We were consistently warned that refugees dying of the cold in Northern France was a “distinct possibility”. No one really took into account how refugees themselves had the same fear.
When the only hope to cling on to is the sheer desperate thought of getting out of Calais - refugees are taking more risks, putting their lives in danger. All in the last two weeks, three tragedies brought the humanitarian response in Calais to a standstill. A 15-year-old child died on the motorway trying to reach his family in the UK. He had been formally referred to the state child protection service as a vulnerable child and a potential candidate for family reunification, but no action was taken. A 22-year-old young man was almost fatally injured in similar circumstances. And a few nights ago another young man was killed inside a lorry which was involved in a crash.
The conditions in which people live are beyond bleak. The same story repeats itself each day and night. You’ve been forced out of your home, your town and your country. You survived the perilous sea while many other have died. You reach Europe and try to join your family in Britain. The old “Jungle” camp is gone.
You wake up in the forest on the frozen ground, underneath a tarp being ripped apart by the police. The night before, the Prefecture in Calais said it wasn’t cold enough to open the warehouse they use for emergency night accommodation.

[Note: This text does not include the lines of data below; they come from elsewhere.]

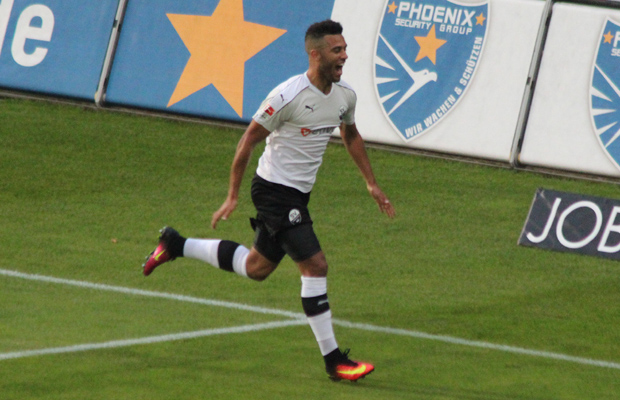 Andrew Wooten jubelt über seinen Treffer im Hinspiel gegen Dresden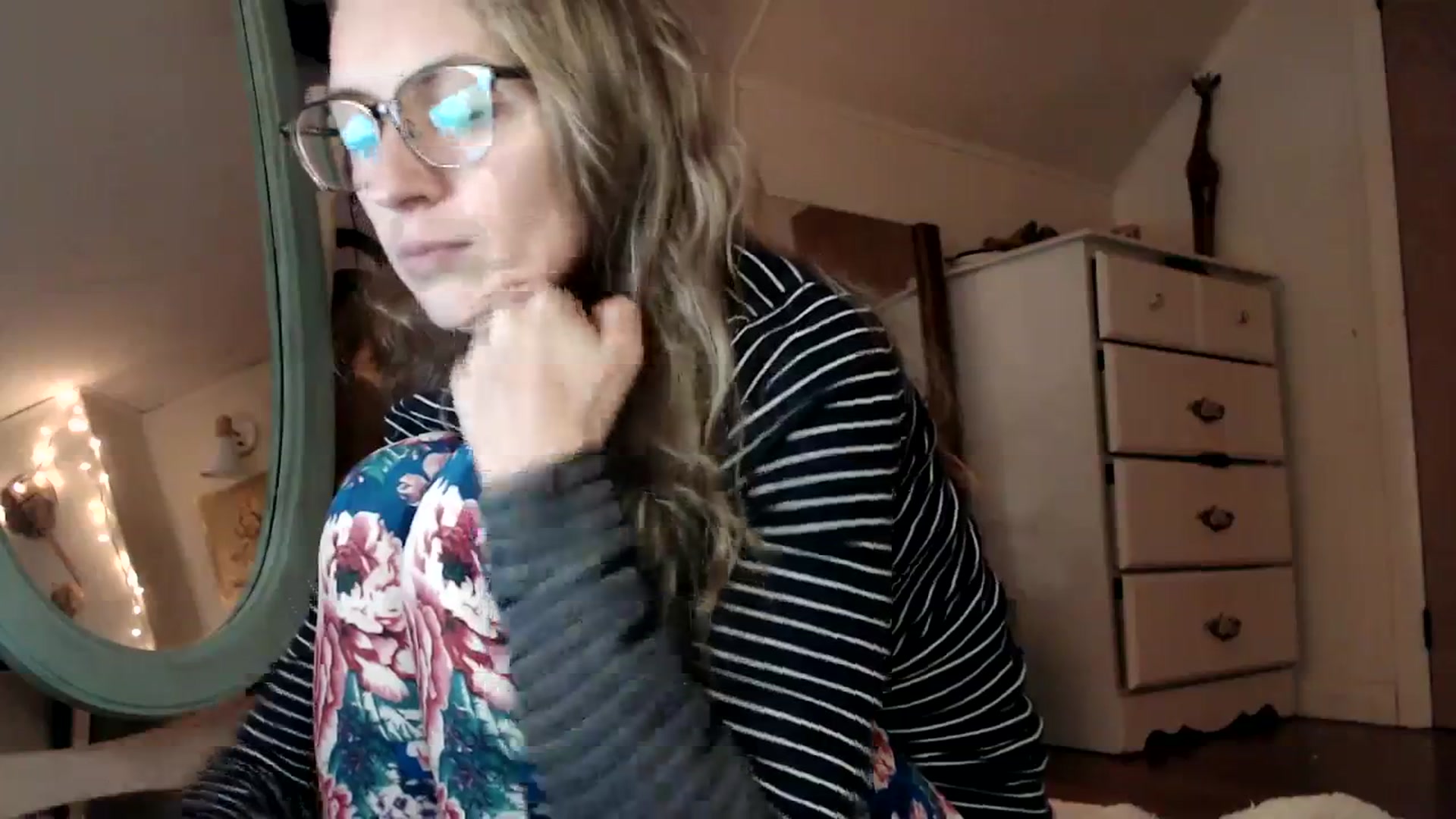 Gallery image thumbnail from WildflowerEm's myfreecams stream on, 11/26/2023, 22:45 image 12 of 20
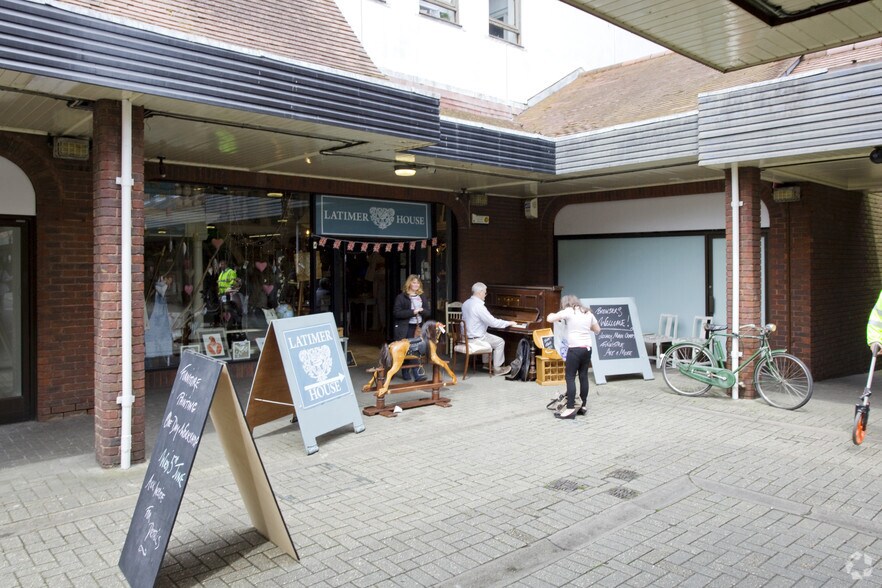 More Photos Of 15-19 Saxon Sq, Christchurch Storefront For Lease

The police tell you to move on and before you have the chance, you’re sprayed with tear gas.
Your eyes sting, your skin feels like it’s burning and you struggle to breathe, you still walk two miles in broken shoes to a distribution point to get the only food available to you which is provided by volunteers. You stand in line waiting for a warmer jacket and maybe some shoes, but defeated volunteers tell you they don’t have enough donations to give you what you need. You try to connect to the WiFi provided by volunteers and ask for a top-up on a Facebook group, knowing it could take you a month before you have credit on your phone to call your family. When you do speak to your mum, you lie to her and tell her you’re somewhere warm and safe.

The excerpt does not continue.